Was erhoffen sich die Kläger*innen von der Klage?

Kurzfristiges Ziel der vorbeugenden Unterlassungsklagen ist ein Verbot des Einsatzes einschlägiger Staatstrojaner durch den Bundesnachrichtendienst (BND), das Bundesamt sowie die Landesämter für Verfassungsschutz und den Militärischen Abschirmdienst (MAD) gegen unverdächtige Nebenbetroffene. Spätestens wenn weitere Journalistinnen und Reporter erfolgreich klagen, kann eine strategische Signalwirkung an die Dienste ausgehen, die Praxis der digitalen Überwachung von sich aus einzustellen. Darüber hinaus sind politische Reformen nötig: Medienschaffende müssen besser vor digitaler Überwachung geschützt werden. Auch sind wirkungsvollere Kontrollmechanismen dringend notwendig. Welche zentralen Informationen gerade der parlamentarischen Kontrolle vorenthalten werden, zeigte sich zuletzt als Anfang Oktober bekannt wurde, dass auch der BND die Überwachungs-Software Pegasus einsetzt. Die Bundesregierung hatte das Parlamentarische Kontrollgremium wohl selbst auf direkte Nachfragen hin nicht über den Einsatz von Pegasus informiert.

Was unterscheidet die vorliegenden Klagen vom BND-Verfahren?

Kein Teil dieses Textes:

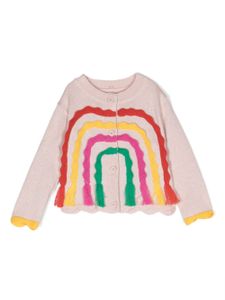 Stella McCartney Kids cardigan à détail appliqué - Rose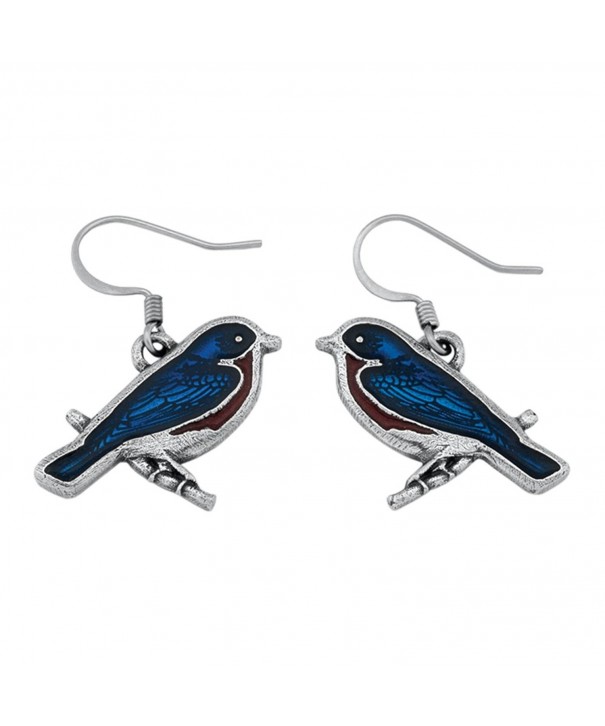 Danforth Pewter 05 029 2040 Bluebird Earrings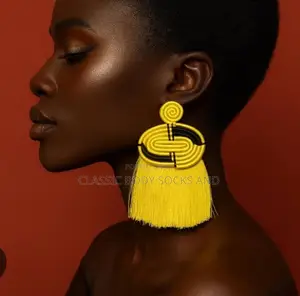 Yellow Sisal Earrings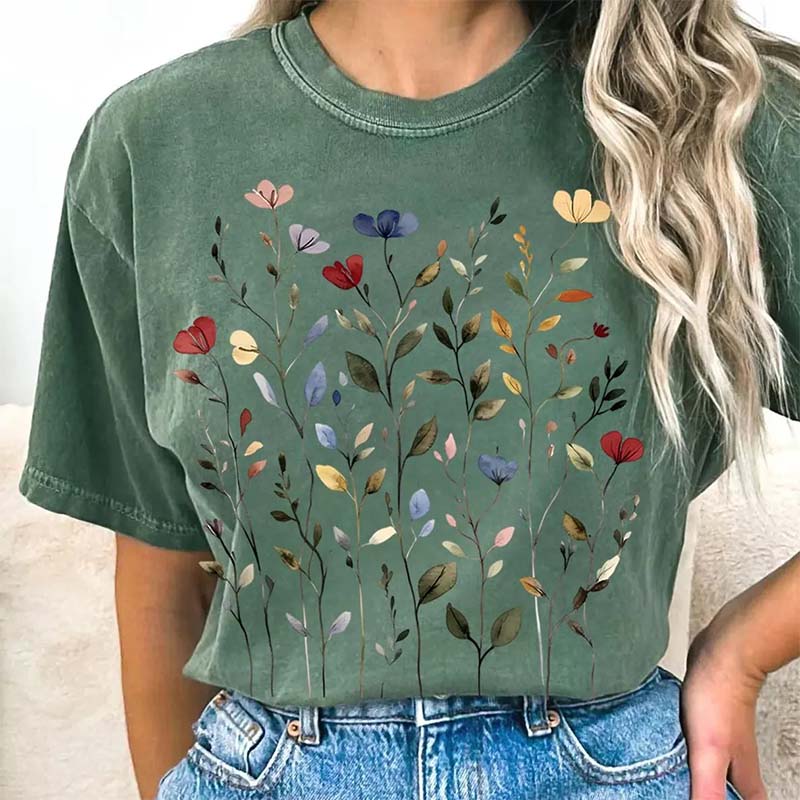 Comfort Colors Vintage Pressed Flowers T-Shirt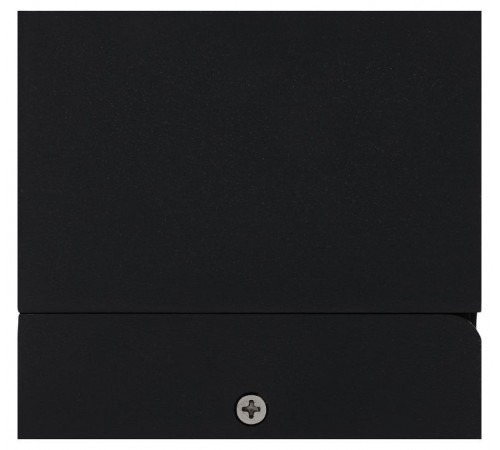 Декоративная подсветка WL37 BK MR16/GU10, черный, для интерьера, фасадов зданий  Б0054408  ЭРА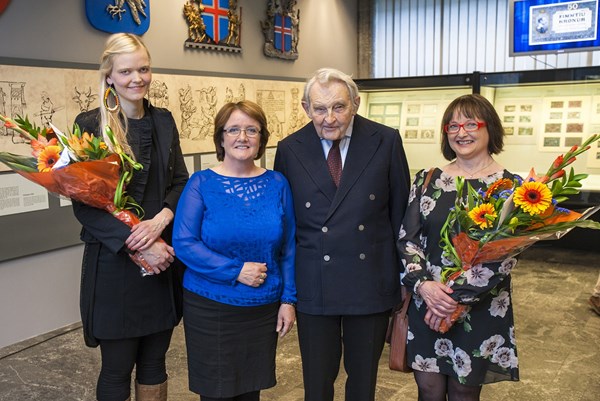 Frá vinstri: Margrét Norðdahl, Hildur Traustadóttir, Jóhannes Nordal og Rannveig Anna Jónsdóttir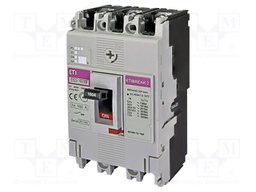 Power breaker; Poles: 3; screw type; Inom: 160A; 690VAC; IP20; MCCB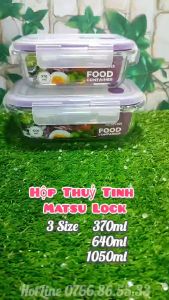 💝Duy Tân💝 Hộp Thực Phẩm Thuỷ Tinh MATSU LOCK Chữ Nhật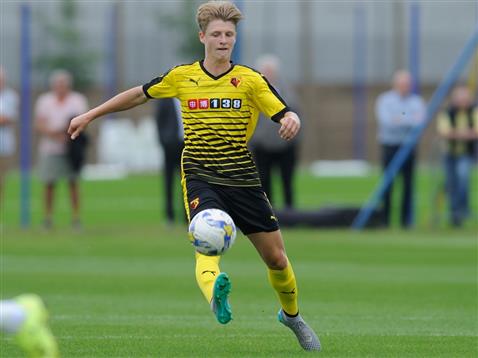 Byers in action for Watford. | Image credit: Watford FC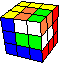 cube in cube in opposite color stripes #2 - Wrfel im Wrfel in gegenstzlichen Streifenfarben #2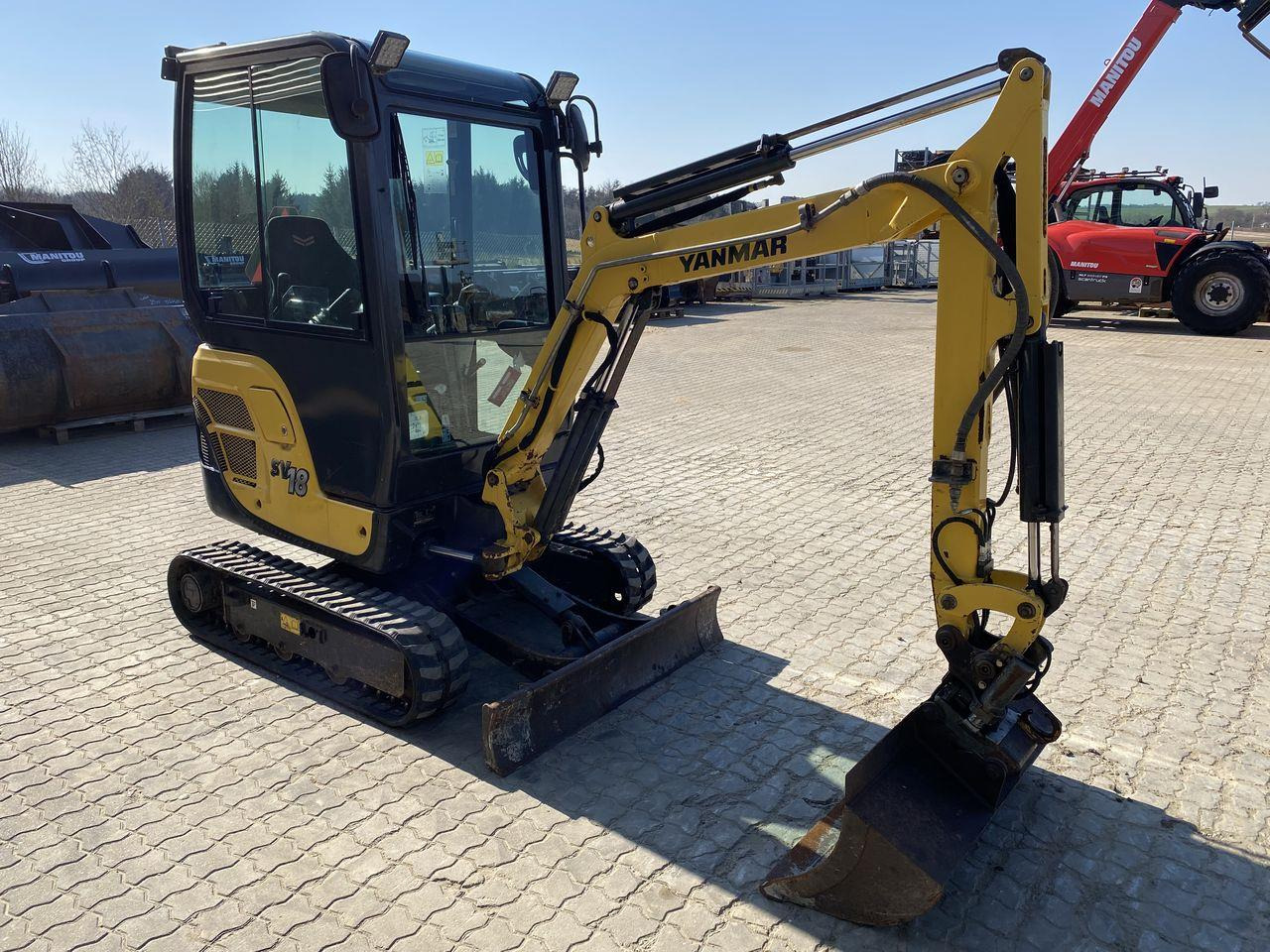 Yanmar SV18 - Mini excavator: picture 5 Yanmar SV18 - Mini excavator: picture 5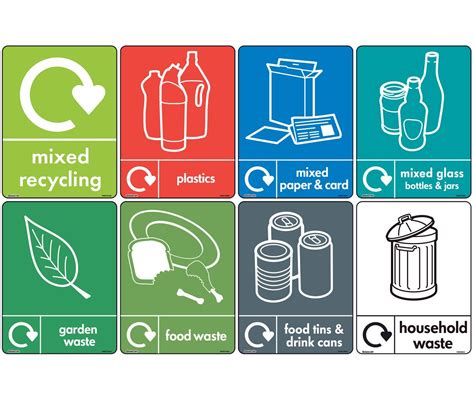 Printable Recycling Signs For Bins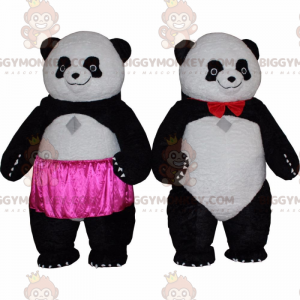 BIGGYMONKEY™s pandamaskot, pandakostumer, asiatiske dyr -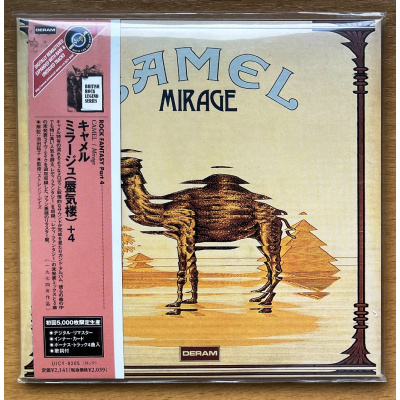 Camel - MIRAGE (CD JAPAN)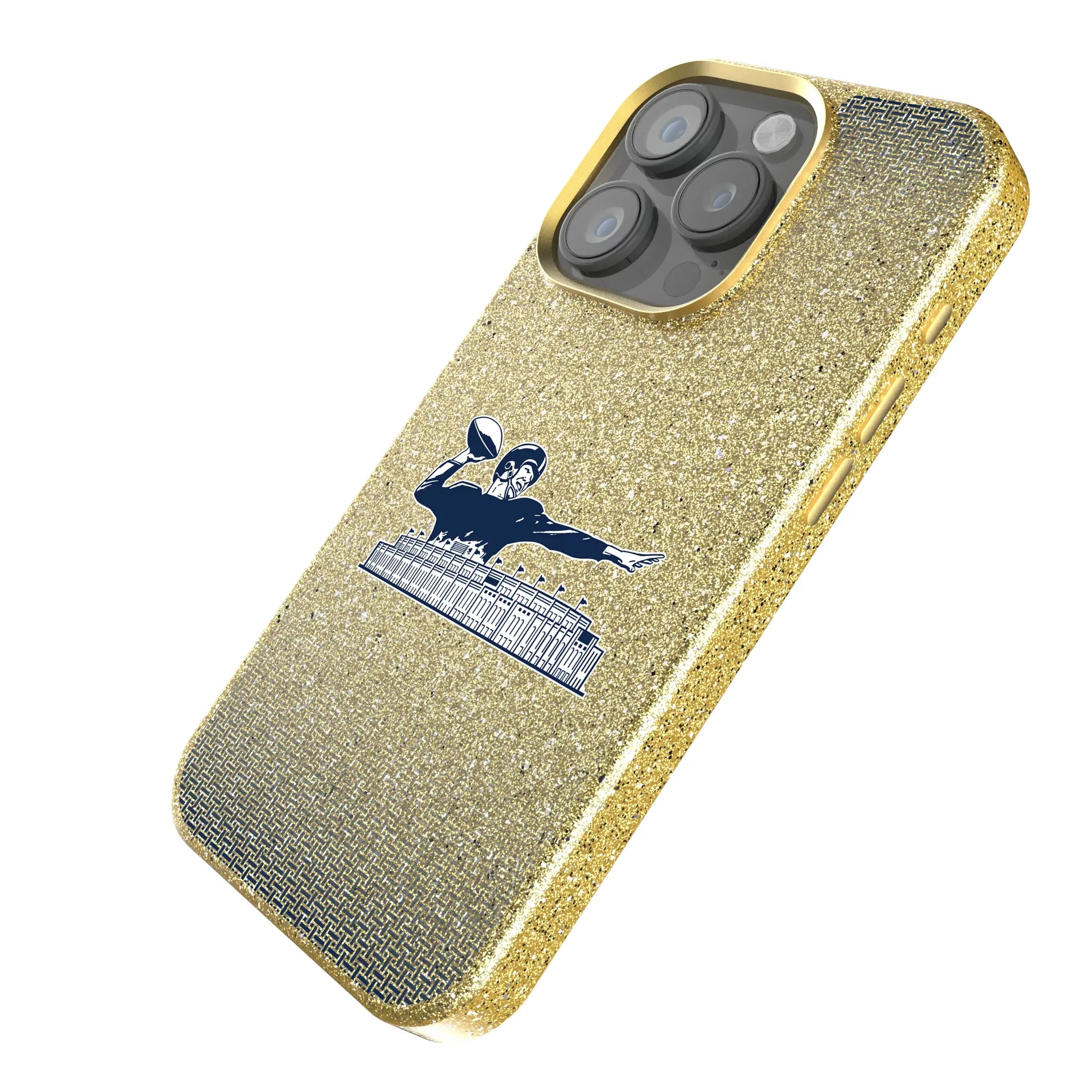 New York Giants 1960-1966 Historic Collection Linen iPhone Bling Phone Case for Apple iPhone - Isometric View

Vor dem Bundesverfassungsgericht hatte Reporter ohne Grenzen erfolgreich gegen die strategische Überwachung von Kommunikation zwischen Ausländerinnen und Ausländern im Ausland geklagt. Diese ist seit 2017 – nach einer umfassenden Reform infolge der Enthüllungen des NSA-Whistleblowers Edward Snowden – im BND-Gesetz geregelt. Co-Beschwerdeführer waren dabei mehrere Medienschaffende und Berufsgeheimnisträger. Außerdem unterstützten die Gesellschaft für Freiheitsrechte und mehrere Journalistinnen- und Journalistenorganisationen die Verfassungsbeschwerde. In seinem Urteil vom 19. Mai 2020 verpflichtete das Bundesverfassungsgericht die Bundesregierung, die gesetzliche Grundlage für die Ausland-Ausland-Fernmeldeüberwachung des BND bis Ende 2021 zu reformieren. Im Fall der nun bei verschiedenen Verwaltungsgerichten eingereichten Klagen geht es um die gesetzliche Grundlage für nachrichtendienstliche Eingriffe in die Kommunikation von deutschen Staatsbürgerinnen und -bürgern mit Kontakten aus dem In- oder Ausland (G10-Gesetz). Anstatt das Verhältnis von staatlichen Befugnissen und Kontrollmöglichkeiten zum Schutz der Grund- und Menschenrechte im Nachgang des Karlsruher Urteils grundsätzlich zu evaluieren, beschloss der Bundestag im Juni 2021, zusätzliche Überwachungsmöglichkeiten im G10-Gesetz zu verankern.